Going down the listing below, print exactly each line from the one with "Женский костюм оверсайз Американский символ" up to and including the one with "Image for Saprazzan", and skip the rest.

▶ _Stored data_
==========

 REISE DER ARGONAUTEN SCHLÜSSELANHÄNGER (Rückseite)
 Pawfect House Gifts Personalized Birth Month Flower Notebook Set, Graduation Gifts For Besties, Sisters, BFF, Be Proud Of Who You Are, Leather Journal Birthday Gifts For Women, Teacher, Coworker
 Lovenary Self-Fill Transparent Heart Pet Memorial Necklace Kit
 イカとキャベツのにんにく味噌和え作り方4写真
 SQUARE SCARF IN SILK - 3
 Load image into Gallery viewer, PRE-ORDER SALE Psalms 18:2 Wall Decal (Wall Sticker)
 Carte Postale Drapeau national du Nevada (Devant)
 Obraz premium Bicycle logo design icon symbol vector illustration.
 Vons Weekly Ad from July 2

==========

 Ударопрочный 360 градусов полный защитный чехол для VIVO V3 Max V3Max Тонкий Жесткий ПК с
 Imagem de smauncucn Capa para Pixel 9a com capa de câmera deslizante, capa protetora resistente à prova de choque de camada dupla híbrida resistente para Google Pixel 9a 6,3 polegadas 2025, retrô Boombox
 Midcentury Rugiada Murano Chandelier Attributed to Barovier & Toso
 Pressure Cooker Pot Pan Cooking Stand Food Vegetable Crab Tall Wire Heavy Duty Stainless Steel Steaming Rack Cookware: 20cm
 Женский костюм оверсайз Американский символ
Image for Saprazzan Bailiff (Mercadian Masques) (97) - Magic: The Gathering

==========

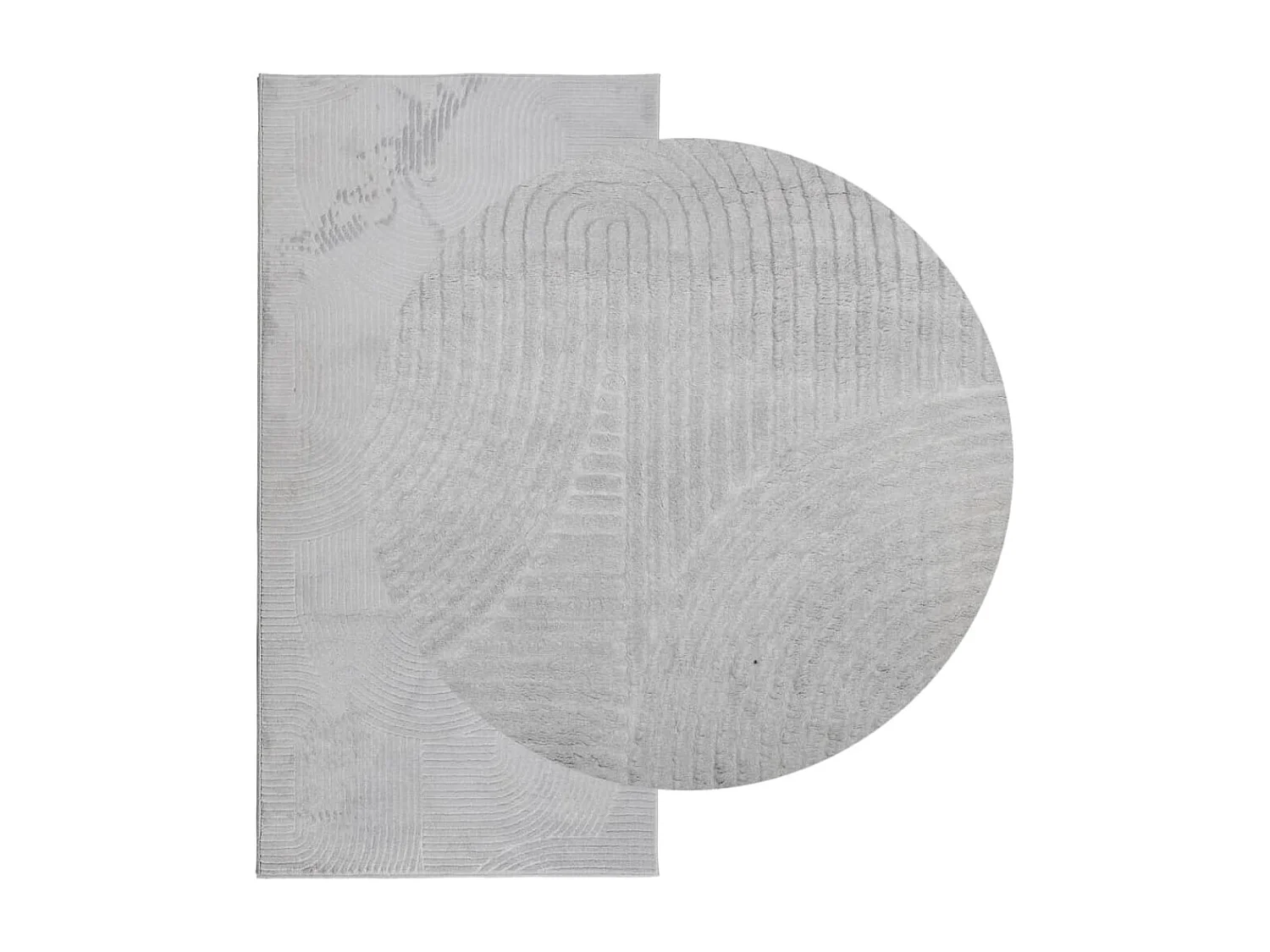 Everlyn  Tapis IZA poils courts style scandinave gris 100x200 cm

==========

▶ _Final answer_
 Женский костюм оверсайз Американский символ
Image for Saprazzan Bailiff (Mercadian Masques) (97) - Magic: The Gathering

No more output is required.